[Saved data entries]
○ ○ ○ ○

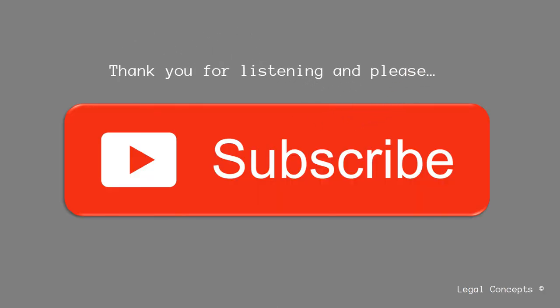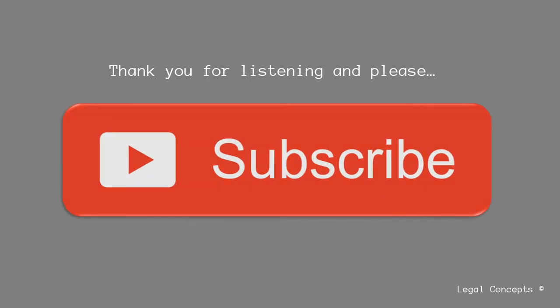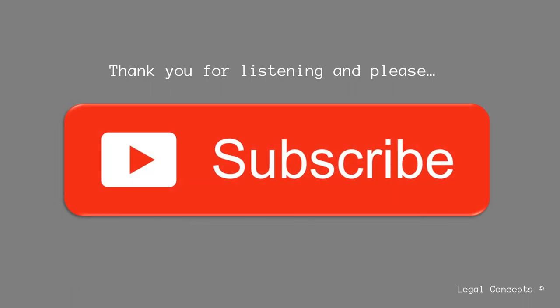I really hope you enjoyed listening to this video, and if you did, then please subscribe. The more people that subscribe, the more videos we can make. Thank you.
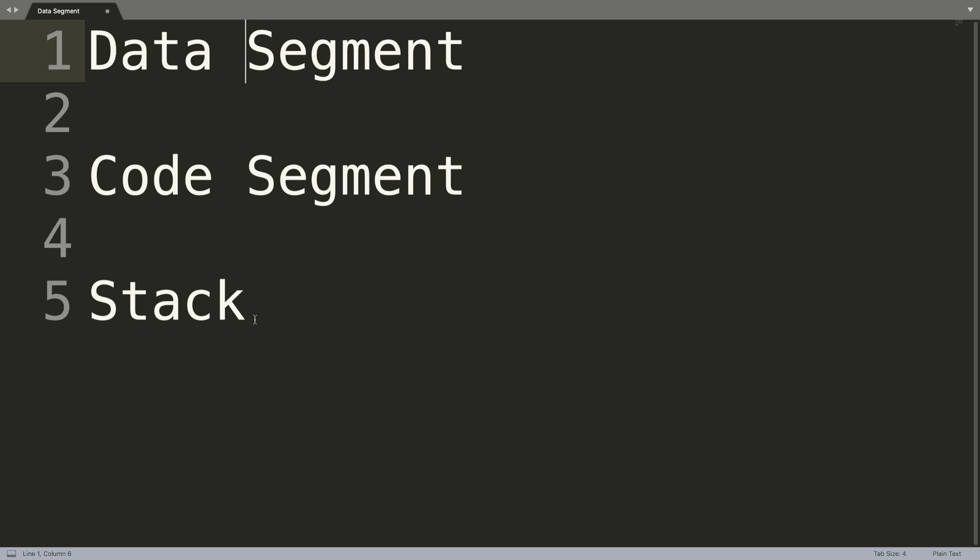So remember, the data segment is where you create constants and variables, the code segment is the main bulk of your application, and the stack segment is for containing or storing data values that are passed to functions that we can create.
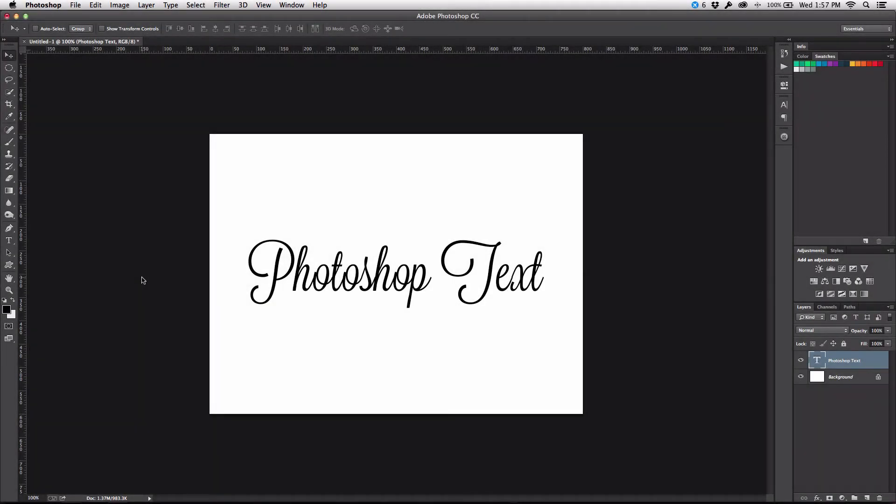Hey guys, Justin Seeley here once again with a Photoshop tutorial for you. This time around I'm going to be talking about how to take your text you create in Photoshop and transfer that over into Adobe Illustrator.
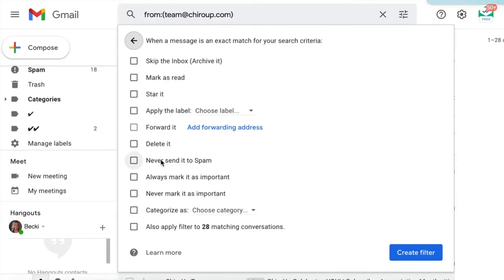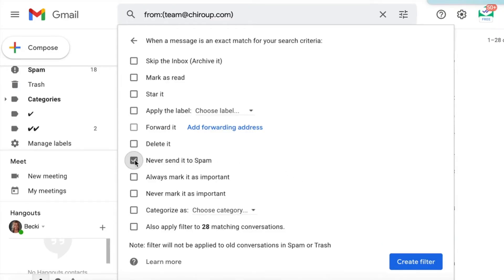The most important choice is never send it to spam. We'd also love it if you always mark it as important and maybe even star it. That way, you're sure not to miss any important information from us. Once you've made your choices, go ahead and create a filter right here to ensure that we're always going to land in your inbox. And we'll chat with you soon.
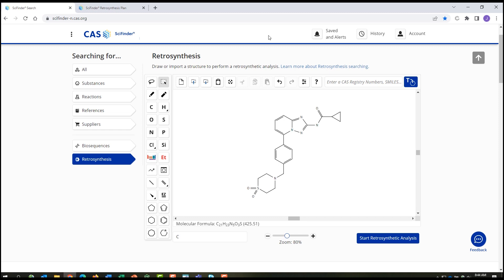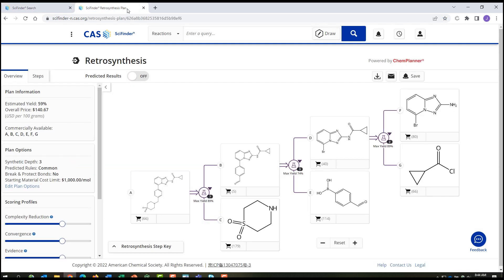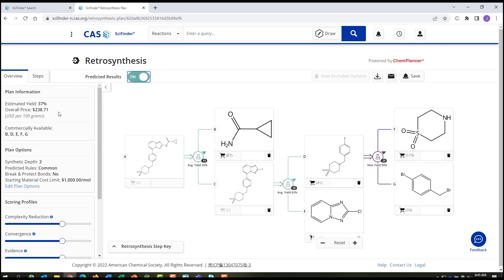The Retrosynthesis Planner within CAS SciFinder N will calculate an experimental synthesis and optimize for yield and cost. It also calculates a predicted synthesis based on known chemistry, using similar reacting centers that may be applicable for this substance.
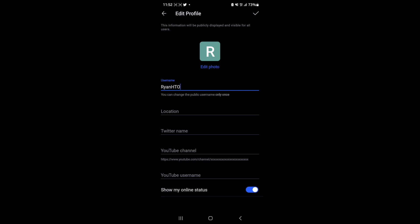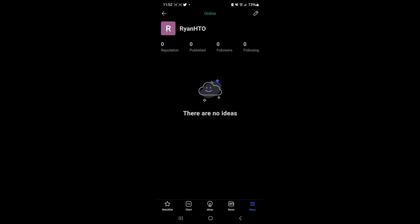As you can see, I have changed mine to RyanHTO, and I think this is available. So if I go ahead and click on the tick icon in the top right-hand corner, as you can see, my username has now been changed. So it's just that simple, guys. If this video did help you out, please leave a like on today's video, and I will see you in the next one.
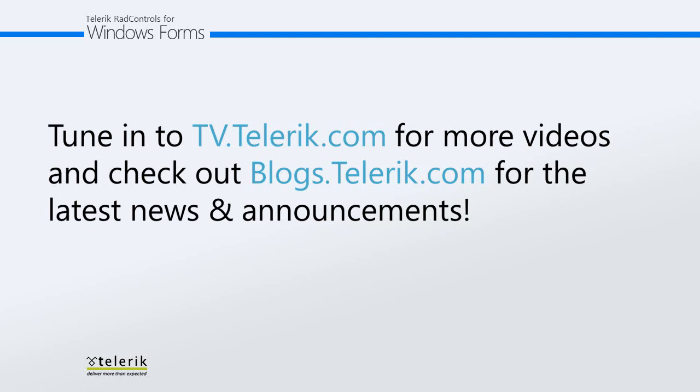I want to thank you for watching Getting Started with Rad Panorama. Be sure to check out tv.telerik.com for more videos. And check out blogs.telerik.com for the latest news and enhancements. Feel free to give it a try now by downloading the demo at telerik.com.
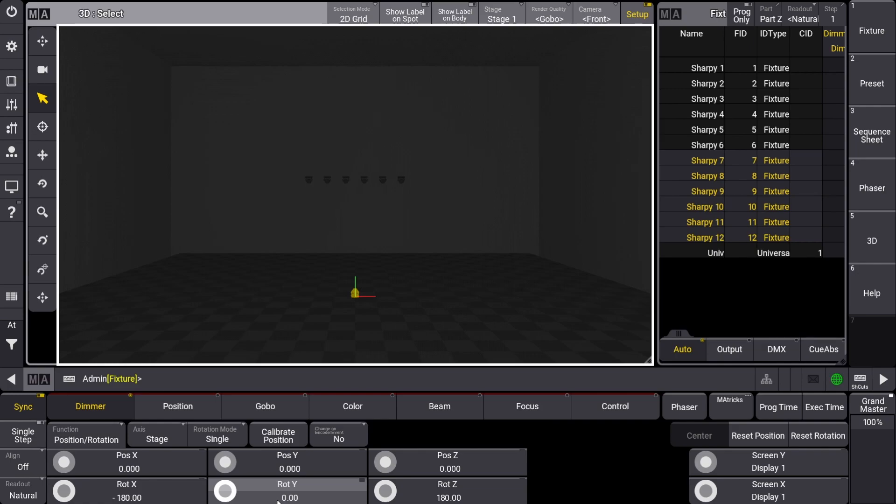These six fixtures will be spread evenly six meters across and we'll be making a V shape with the bottom of the V being upstage. I'll click the align button to get to the first align mode and then move the position X encoder wheel to negative 3 through 3.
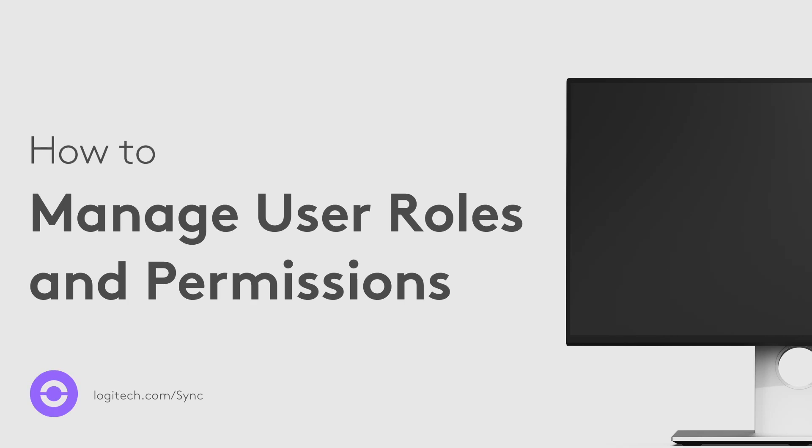There are a variety of ways that users can interact with Sync. To facilitate the management and permissions of these users, Logitech Sync now offers seven different roles.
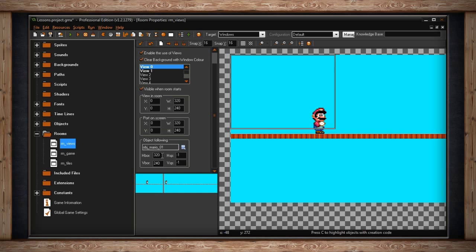So, let's say we don't want the camera to lag at all. We want the camera to follow our character perfectly every time. Well, as long as our h-bore and our v-bore equal or exceed the w and h of our View In Room fields, the camera will always stay centered on our character.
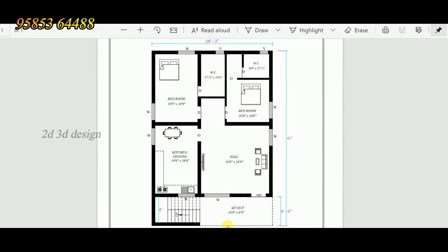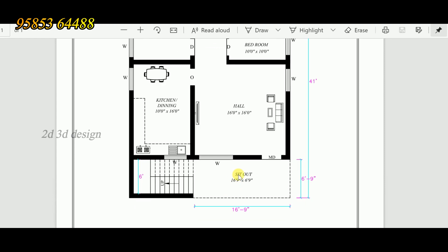This is the east facing side, measuring 28 feet 3 inches. The north facing side is 41 feet. This is the sit-out, sized at 16 feet 9 inches by 6 feet 9 inches.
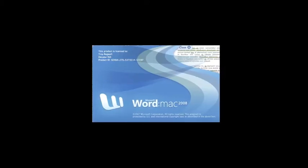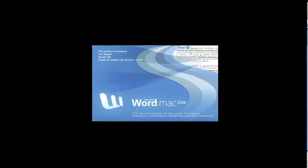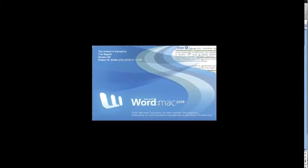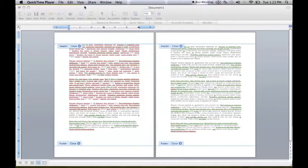This is Brandon, Gunner, Christian, and Brody, and we're going to show you how to do a header on Word 2008.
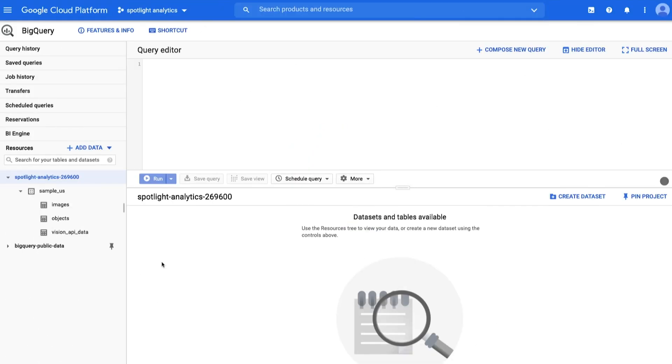If you have a dataset in BigQuery that you wish to copy within a region or from one region to another, you can do so without needing to extract, move, and reload the data. In this video, you will learn two ways to copy a BigQuery dataset using the Cloud Console.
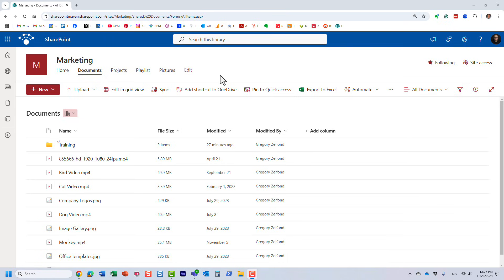Hello, this is Greg from SharePoint Maven, and in this video I would like to show you how you can create a custom playlist of videos and then display that playlist on a SharePoint page.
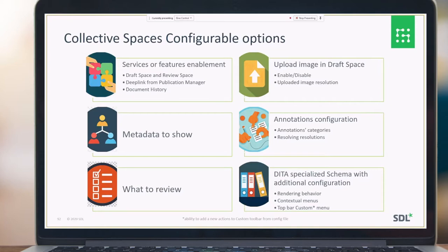For feature enablement: Trust Space and Review Space are disabled out of the box, so users can enable them. The deep link from Publication Manager to Collective Spaces is also under a feature toggle. Document History is an add-on to the Doc Draft Space and can also be enabled or disabled.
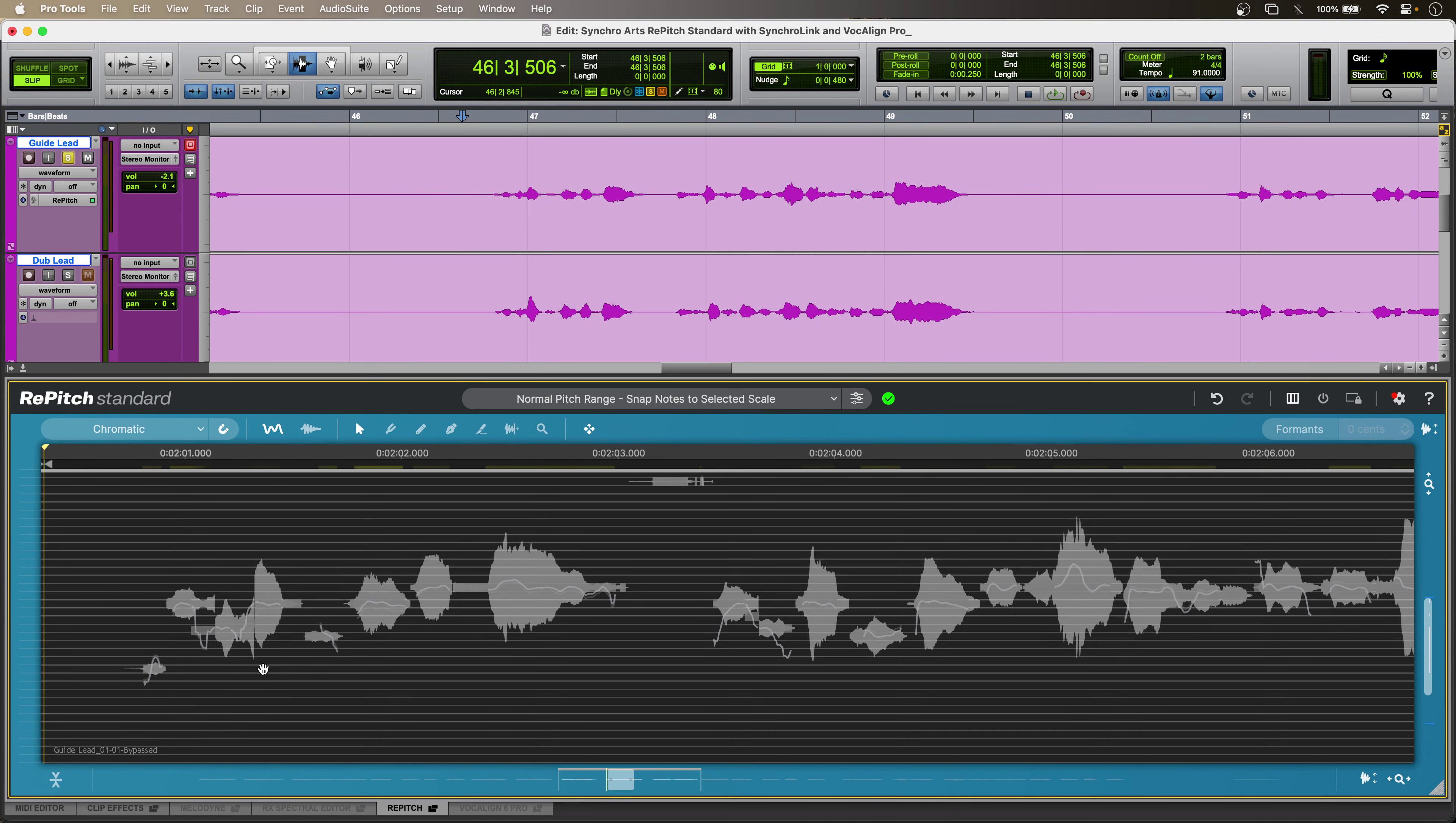Hi, this is Luke, and this is how to use SynchroLink with Repitch Standard and Vocaline Pro from SynchroArts.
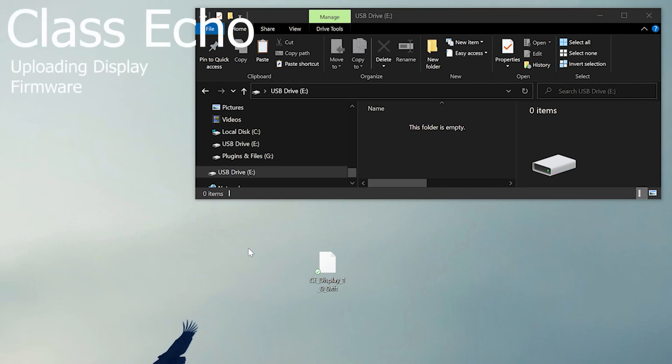Uploading the ClassEcho Display firmware has very few steps. Begin by plugging your microSD card into the computer.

○ ○ ○ ○

[TASK INSTRUCTIONS] Ending at the line with "So remember, the", reproduce exactly the lines that begin at the top of the data, and include no pictures.

[EXPECTED ANSWER]
I really hope you enjoyed listening to this video, and if you did, then please subscribe. The more people that subscribe, the more videos we can make. Thank you.
So remember, the data segment is where you create constants and variables, the code segment is the main bulk of your application, and the stack segment is for containing or storing data values that are passed to functions that we can create.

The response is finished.